■ WORK TO BE COMPLETED
Print the lines below from the line with "aquarium decoration house, fish" to the line with "Bright round frame" exactly, keeping both ends, and print no pictures.

■ DATA EXTRACTS
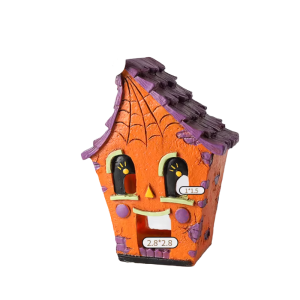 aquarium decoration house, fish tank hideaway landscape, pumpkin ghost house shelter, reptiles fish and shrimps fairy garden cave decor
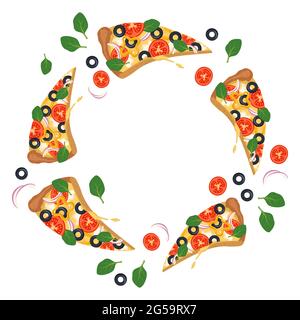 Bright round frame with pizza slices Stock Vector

==

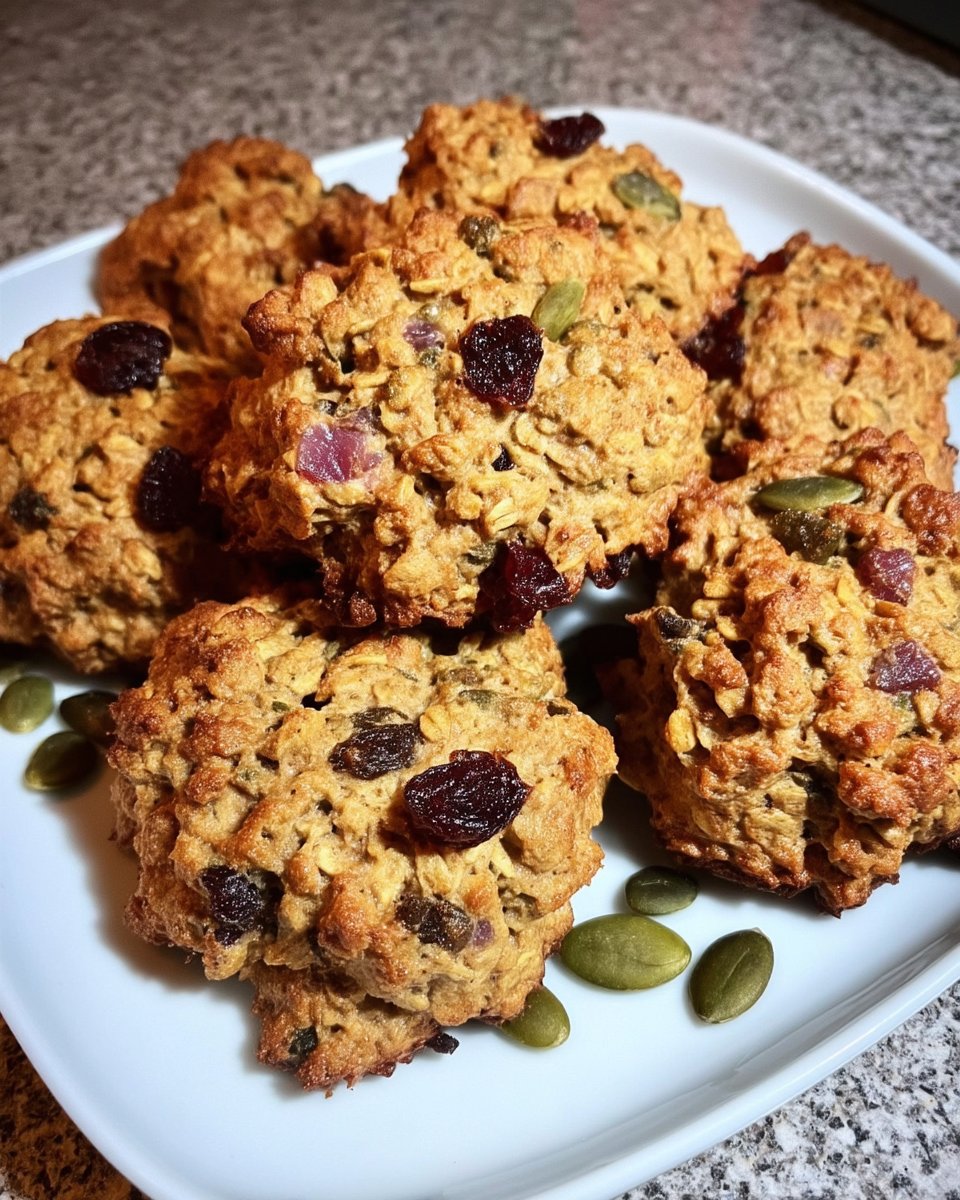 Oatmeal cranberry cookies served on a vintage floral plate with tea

==

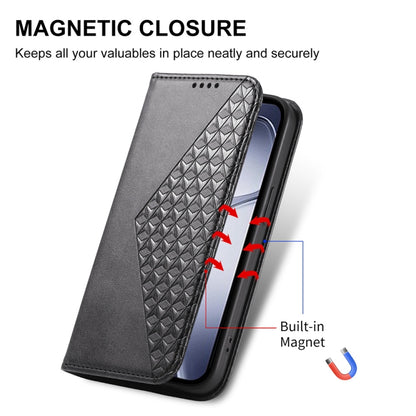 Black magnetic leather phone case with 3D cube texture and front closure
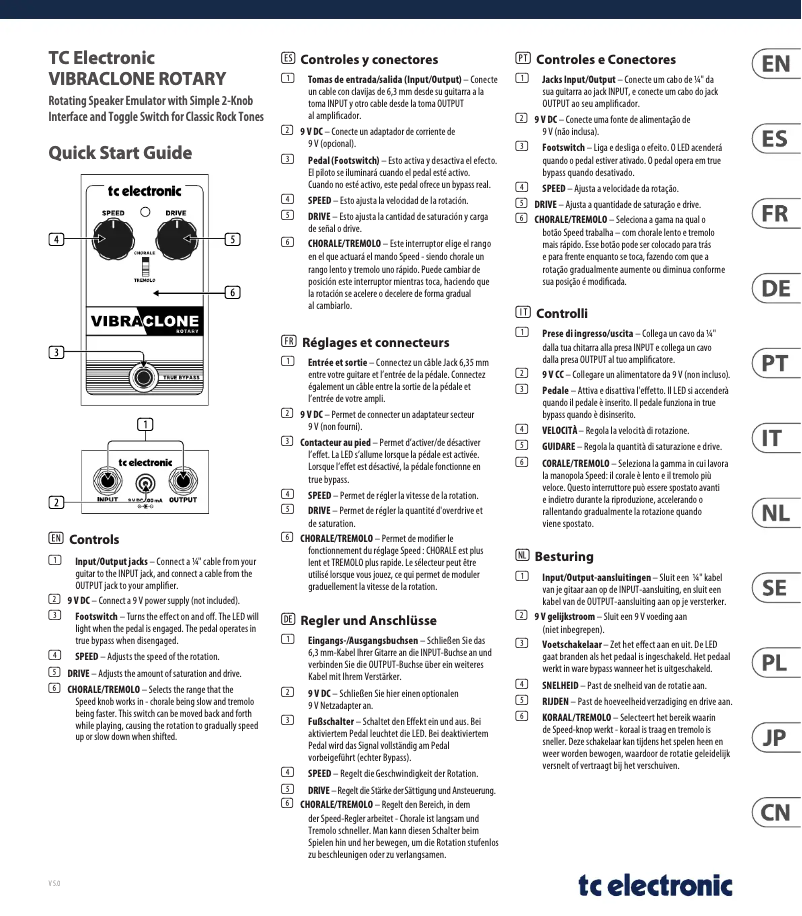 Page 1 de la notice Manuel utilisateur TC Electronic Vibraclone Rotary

■ RESPONSE AREA
 aquarium decoration house, fish tank hideaway landscape, pumpkin ghost house shelter, reptiles fish and shrimps fairy garden cave decor
 Bright round frame with pizza slices Stock Vector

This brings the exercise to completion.